Greensand is an olive-green coloured sandstone rock which is commonly found in narrow bands, particularly associated with bands of chalk and clay worldwide; it has been deposited in marine environments at various times during Earth history, such as during the Jurassic and Cretaceous periods.

Formation and locations

Greensand forms in anoxic marine environments that are rich in organic detritus and low in sedimentary input. Greensands are occasionally fossil-rich, such as in the late Cretaceous deposits of New Jersey. Important exposures are known from both northern and western Europe and North America.

Great Britain

In Great Britain, Greensand usually refers to a specific geologic formation of Lower Cretaceous age. A distinction is made between Upper Greensand and Lower Greensand; the term Greensand was originally applied by William Smith to glauconitic sandstones in the west of England and subsequently used for the similar deposits of the Weald, before it was appreciated that the latter are actually two distinct formations separated by the Gault Clay.
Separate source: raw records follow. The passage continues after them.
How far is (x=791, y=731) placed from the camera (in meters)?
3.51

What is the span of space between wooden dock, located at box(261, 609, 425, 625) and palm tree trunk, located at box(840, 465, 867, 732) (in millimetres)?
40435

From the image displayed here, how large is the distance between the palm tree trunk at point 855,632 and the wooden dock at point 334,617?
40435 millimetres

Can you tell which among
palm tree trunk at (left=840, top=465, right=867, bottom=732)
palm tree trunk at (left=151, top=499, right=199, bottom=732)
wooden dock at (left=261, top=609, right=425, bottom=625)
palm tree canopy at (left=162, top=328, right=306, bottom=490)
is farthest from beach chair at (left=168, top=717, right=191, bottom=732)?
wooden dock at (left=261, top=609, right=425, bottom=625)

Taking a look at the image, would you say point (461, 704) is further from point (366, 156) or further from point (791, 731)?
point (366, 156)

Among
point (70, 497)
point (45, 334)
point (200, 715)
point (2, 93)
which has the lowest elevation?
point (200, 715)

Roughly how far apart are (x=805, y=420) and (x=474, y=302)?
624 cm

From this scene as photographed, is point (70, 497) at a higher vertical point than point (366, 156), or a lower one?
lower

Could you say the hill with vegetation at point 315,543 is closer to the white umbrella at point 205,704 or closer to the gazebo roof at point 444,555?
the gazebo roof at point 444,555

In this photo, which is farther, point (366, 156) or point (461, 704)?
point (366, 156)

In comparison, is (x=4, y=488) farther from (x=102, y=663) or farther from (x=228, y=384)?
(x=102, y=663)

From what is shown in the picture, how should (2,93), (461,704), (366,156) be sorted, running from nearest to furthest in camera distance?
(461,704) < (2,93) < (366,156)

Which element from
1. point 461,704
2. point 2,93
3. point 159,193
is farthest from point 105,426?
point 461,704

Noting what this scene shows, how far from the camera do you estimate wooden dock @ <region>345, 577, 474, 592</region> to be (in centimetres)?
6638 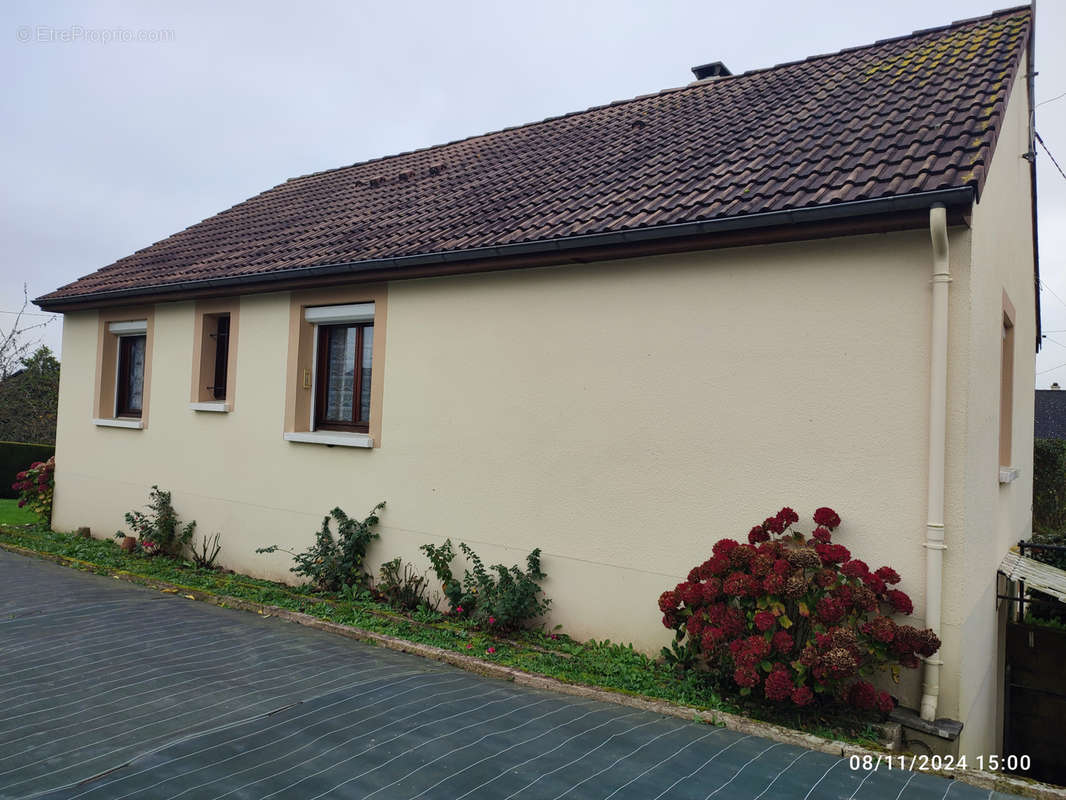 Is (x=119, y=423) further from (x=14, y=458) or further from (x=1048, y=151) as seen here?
(x=1048, y=151)

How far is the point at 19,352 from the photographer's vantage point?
2478 cm

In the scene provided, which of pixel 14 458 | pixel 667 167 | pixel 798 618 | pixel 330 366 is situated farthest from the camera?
pixel 14 458

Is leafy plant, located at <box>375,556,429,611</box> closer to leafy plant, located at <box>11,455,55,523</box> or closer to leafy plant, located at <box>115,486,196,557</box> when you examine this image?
leafy plant, located at <box>115,486,196,557</box>

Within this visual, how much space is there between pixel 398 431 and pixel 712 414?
3473mm

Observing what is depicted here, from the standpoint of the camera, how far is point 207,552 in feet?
31.1

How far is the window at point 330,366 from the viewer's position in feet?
27.4

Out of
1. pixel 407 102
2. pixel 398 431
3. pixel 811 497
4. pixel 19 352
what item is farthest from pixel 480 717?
pixel 19 352

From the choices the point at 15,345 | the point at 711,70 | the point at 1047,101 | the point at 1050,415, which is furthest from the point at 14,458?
the point at 1050,415

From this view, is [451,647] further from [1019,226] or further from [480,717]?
[1019,226]

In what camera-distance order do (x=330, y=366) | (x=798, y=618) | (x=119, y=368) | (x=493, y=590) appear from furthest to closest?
1. (x=119, y=368)
2. (x=330, y=366)
3. (x=493, y=590)
4. (x=798, y=618)

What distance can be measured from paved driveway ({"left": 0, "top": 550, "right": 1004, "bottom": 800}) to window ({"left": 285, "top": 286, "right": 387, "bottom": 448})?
3165mm

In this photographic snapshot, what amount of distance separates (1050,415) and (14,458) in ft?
128

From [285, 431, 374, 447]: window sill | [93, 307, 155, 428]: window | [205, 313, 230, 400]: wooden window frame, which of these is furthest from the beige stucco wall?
[93, 307, 155, 428]: window

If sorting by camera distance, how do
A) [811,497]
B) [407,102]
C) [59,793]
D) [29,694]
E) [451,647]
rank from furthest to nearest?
1. [407,102]
2. [451,647]
3. [811,497]
4. [29,694]
5. [59,793] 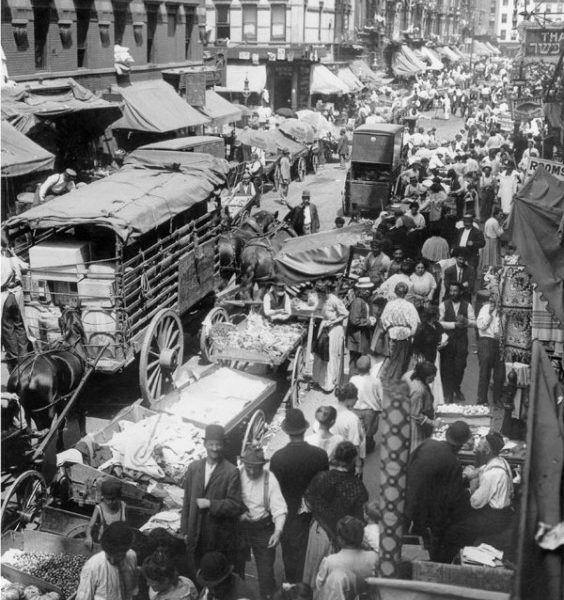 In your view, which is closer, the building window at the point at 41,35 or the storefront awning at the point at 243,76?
the building window at the point at 41,35

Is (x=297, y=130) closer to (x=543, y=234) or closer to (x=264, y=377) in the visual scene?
(x=264, y=377)

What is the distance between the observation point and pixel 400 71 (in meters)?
70.8

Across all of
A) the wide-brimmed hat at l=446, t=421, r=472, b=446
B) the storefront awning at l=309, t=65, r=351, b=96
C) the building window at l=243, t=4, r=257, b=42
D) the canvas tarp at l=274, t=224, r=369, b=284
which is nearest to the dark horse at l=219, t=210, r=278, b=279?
the canvas tarp at l=274, t=224, r=369, b=284

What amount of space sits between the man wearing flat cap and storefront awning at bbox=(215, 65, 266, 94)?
41568 millimetres

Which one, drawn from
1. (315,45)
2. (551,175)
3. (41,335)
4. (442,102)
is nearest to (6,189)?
(41,335)

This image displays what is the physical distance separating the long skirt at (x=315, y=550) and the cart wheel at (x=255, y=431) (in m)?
3.02

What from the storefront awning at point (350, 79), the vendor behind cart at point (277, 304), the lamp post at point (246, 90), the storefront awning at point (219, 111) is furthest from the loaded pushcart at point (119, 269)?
the storefront awning at point (350, 79)

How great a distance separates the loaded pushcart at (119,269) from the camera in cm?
1046

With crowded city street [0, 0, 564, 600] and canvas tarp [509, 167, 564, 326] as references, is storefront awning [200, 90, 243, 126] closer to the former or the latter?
crowded city street [0, 0, 564, 600]

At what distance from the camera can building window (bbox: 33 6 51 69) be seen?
23297mm

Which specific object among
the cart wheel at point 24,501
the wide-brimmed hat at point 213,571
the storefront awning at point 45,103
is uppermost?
the storefront awning at point 45,103

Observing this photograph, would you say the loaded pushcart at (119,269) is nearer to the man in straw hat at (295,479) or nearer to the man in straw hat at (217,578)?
the man in straw hat at (295,479)

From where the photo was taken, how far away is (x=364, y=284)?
12.9 m

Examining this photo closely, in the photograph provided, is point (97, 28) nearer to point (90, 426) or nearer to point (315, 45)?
point (90, 426) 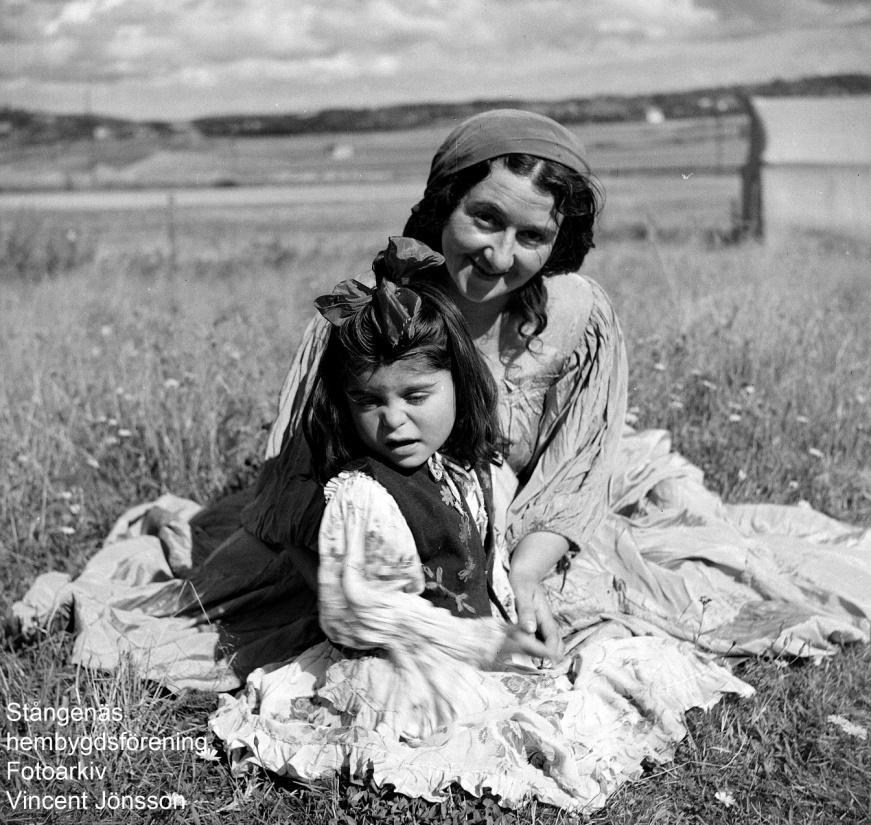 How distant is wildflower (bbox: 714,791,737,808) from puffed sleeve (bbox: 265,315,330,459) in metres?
1.46

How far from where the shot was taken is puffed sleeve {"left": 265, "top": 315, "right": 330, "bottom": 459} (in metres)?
3.00

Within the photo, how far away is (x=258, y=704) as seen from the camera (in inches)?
105

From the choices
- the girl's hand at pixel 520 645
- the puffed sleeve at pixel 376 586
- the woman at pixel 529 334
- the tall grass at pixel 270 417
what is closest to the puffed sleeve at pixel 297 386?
the woman at pixel 529 334

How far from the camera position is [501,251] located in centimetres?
270

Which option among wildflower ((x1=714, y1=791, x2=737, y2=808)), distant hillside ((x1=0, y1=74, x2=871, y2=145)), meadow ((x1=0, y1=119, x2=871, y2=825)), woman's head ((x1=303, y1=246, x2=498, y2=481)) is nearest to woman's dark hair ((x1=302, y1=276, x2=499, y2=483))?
woman's head ((x1=303, y1=246, x2=498, y2=481))

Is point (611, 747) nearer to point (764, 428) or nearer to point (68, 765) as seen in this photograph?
point (68, 765)

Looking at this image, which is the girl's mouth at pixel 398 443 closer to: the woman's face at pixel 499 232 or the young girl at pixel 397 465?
the young girl at pixel 397 465

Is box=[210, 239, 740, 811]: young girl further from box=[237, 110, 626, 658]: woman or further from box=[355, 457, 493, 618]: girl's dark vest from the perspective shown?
box=[237, 110, 626, 658]: woman

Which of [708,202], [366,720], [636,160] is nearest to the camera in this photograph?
[366,720]

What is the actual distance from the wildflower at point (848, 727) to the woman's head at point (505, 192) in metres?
1.42

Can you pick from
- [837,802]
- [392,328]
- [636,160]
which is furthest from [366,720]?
[636,160]

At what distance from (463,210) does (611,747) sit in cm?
140

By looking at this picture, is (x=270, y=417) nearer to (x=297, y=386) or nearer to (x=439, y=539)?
(x=297, y=386)

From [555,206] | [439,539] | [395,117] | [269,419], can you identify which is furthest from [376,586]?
[395,117] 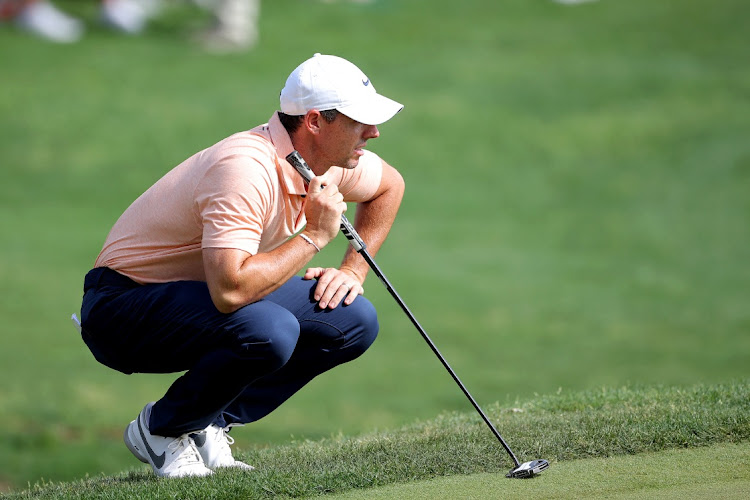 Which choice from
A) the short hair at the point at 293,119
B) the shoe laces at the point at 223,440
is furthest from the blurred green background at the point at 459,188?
the short hair at the point at 293,119

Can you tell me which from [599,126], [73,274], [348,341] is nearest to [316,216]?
[348,341]

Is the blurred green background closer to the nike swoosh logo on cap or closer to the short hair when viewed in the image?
the nike swoosh logo on cap

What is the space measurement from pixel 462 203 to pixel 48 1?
10.1 m

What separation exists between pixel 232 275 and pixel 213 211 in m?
0.21

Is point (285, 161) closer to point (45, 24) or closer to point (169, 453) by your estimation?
point (169, 453)

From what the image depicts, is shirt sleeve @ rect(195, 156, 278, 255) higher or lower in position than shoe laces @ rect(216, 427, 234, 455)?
higher

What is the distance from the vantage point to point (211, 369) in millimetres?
3744

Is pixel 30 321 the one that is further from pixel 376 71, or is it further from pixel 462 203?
pixel 376 71

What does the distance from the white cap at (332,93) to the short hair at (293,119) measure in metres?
0.03

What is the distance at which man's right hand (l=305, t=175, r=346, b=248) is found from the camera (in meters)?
3.68

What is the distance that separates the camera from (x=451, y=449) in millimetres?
3980

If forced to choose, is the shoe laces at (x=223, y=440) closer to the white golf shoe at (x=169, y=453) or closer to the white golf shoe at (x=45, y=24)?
the white golf shoe at (x=169, y=453)

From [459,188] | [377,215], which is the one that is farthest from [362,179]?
[459,188]

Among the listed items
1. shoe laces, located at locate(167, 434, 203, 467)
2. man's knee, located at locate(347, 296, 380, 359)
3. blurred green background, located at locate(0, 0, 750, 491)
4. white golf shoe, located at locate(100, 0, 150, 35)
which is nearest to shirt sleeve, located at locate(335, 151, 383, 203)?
man's knee, located at locate(347, 296, 380, 359) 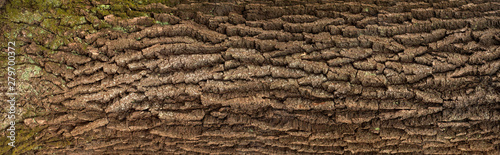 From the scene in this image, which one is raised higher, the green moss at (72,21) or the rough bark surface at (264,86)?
the green moss at (72,21)

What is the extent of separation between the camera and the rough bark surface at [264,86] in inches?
71.7

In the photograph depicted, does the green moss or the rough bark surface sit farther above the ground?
the green moss

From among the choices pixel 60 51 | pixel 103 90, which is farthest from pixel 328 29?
pixel 60 51

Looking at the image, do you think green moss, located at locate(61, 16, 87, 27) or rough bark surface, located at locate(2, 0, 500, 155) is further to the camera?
green moss, located at locate(61, 16, 87, 27)

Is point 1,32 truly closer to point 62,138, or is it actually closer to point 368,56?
point 62,138

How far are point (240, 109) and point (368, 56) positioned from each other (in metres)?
0.86

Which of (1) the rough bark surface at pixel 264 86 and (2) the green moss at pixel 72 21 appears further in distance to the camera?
(2) the green moss at pixel 72 21

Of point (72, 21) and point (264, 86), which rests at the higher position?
point (72, 21)

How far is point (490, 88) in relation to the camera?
1816 mm

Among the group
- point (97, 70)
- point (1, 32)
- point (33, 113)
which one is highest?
point (1, 32)

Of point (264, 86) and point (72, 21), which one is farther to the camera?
point (72, 21)

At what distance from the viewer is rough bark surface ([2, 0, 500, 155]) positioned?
71.7 inches

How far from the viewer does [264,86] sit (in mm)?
1827

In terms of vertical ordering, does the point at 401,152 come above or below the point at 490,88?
below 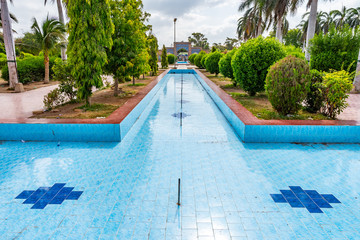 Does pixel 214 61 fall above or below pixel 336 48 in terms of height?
below

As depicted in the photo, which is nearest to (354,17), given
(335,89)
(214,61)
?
(214,61)

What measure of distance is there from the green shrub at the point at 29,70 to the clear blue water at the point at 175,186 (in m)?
10.5

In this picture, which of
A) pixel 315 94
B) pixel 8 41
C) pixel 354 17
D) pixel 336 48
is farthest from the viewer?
pixel 354 17

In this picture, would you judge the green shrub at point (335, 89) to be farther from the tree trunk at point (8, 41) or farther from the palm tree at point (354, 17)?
the palm tree at point (354, 17)

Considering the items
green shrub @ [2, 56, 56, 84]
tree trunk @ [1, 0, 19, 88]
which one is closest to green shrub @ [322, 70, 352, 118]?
tree trunk @ [1, 0, 19, 88]

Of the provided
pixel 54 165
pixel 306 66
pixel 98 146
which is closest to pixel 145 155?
pixel 98 146

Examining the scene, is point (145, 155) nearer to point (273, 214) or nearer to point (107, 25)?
point (273, 214)

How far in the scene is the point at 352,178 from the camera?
420 centimetres

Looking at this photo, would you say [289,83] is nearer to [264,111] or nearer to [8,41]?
[264,111]

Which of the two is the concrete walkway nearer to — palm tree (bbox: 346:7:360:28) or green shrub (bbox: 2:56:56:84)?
green shrub (bbox: 2:56:56:84)

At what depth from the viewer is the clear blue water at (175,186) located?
9.72ft

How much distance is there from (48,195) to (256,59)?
813 cm

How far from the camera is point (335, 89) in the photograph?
654 centimetres

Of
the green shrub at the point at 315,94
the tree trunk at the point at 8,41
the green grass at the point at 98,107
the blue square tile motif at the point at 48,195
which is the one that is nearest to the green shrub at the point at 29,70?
the tree trunk at the point at 8,41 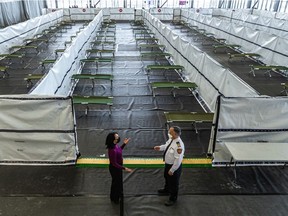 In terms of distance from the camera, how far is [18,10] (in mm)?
25516

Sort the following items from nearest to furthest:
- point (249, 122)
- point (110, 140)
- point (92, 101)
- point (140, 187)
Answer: point (110, 140) → point (140, 187) → point (249, 122) → point (92, 101)

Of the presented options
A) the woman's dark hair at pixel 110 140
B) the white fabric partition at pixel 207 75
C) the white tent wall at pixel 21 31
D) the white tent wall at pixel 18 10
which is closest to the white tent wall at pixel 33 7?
the white tent wall at pixel 18 10

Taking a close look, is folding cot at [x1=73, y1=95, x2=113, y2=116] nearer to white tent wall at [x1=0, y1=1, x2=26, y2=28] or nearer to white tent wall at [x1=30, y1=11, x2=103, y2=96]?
white tent wall at [x1=30, y1=11, x2=103, y2=96]

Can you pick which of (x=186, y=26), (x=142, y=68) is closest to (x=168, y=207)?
(x=142, y=68)

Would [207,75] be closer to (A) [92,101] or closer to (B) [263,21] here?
(A) [92,101]

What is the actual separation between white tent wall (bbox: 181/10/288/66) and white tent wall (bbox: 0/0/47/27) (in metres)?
17.3

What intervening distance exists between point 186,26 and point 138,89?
58.5 ft

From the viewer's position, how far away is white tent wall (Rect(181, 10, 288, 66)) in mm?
11750

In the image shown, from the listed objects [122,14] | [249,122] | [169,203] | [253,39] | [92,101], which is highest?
[249,122]

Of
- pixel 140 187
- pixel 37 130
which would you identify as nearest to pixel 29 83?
pixel 37 130

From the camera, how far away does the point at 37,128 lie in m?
4.85

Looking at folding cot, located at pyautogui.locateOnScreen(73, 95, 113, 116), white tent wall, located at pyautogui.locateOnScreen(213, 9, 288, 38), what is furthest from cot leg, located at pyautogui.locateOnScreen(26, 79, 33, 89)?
white tent wall, located at pyautogui.locateOnScreen(213, 9, 288, 38)

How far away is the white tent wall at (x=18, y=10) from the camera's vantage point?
22.3m

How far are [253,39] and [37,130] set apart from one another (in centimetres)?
Result: 1295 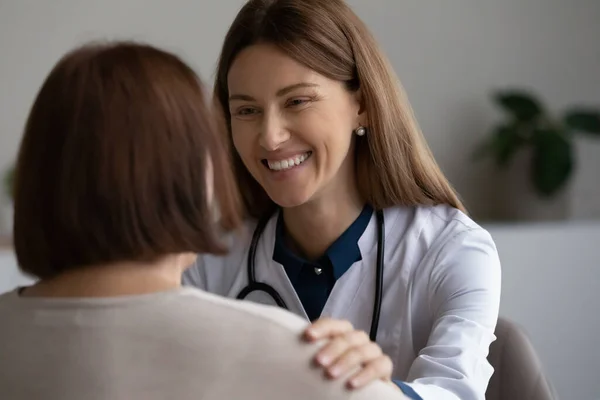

Both Upper and Lower Greensand outcrops appear in the scarp slopes surrounding the London Basin and the Weald. Prominent seams are to be found in the Vale of White Horse, in Bedfordshire, in Kent, Surrey, the South Downs National Park and Hampshire and the Jurassic Coast in Dorset.

The soil of the greensand is quite varied, ranging from fertile to fairly sterile. On the fertile soils chestnut and stands of hazel and oak are common, while Scots Pine and Birch colonise the poorer soils. These Greensand Ridges are popular long distance walking routes, for instance the Greensand Way in Kent.

Lower Greensand

The Lower Greensand (known as the Woburn Sand north of the London Basin) is of Aptian age. In the Weald the Lower Greensand consists of four deposits which are partly diachronous: the Atherfield Clay 15-50 ft thick, the Folkestone Beds 60-250 ft thick; the Hythe beds 60-350 ft thick and the Sandgate Beds 5-120 ft thick. Although it appears both north and south of the London Basin it is not present everywhere beneath the chalk which underlies the basin; the Gault lies directly on eroded Jurassic or Devonian rocks under much of the area.

Upper Greensand

The Upper Greensand is of Albian age. It is classed as part of the Gault Formation, representing a sandy facies deposited in areas of stronger currents than the Gault Clay. Like the Lower Greensand it is not present beneath the whole of the London Basin, apparently passing laterally into Gault clay east of a line between Dunstable and Tatsfield and of uncertain extent to the east of London.

Outcrops of the Upper Greensand occur in the south-west of England including the Blackdown Hills and East Devon Plateau and the Haldon Hills, remnants of a once much wider extent.

Properties and uses

The green colour of greensand is due to variable amounts of the mineral glauconite, an iron potassium silicate with very low weathering resistance; as a result, greensand tends to be weak and friable. It is a common ingredient in garden fertilisers, such as in organic gardening and organic farming. Due to its chemical exchange properties, the glauconite of greensand is used as a water softener. Greensand coated with manganese oxide, known as manganese greensand, is used in well water treatment systems to remove insoluble ferric (oxidized) iron and manganese. It is also used as a type of rock for stone walls in areas where greensand is common.

In Roman times coarse grits derived from the lower greensand were used to line the inner surface of mortaria (grinding bowls) produced in the Oxfordshire pottery kilns.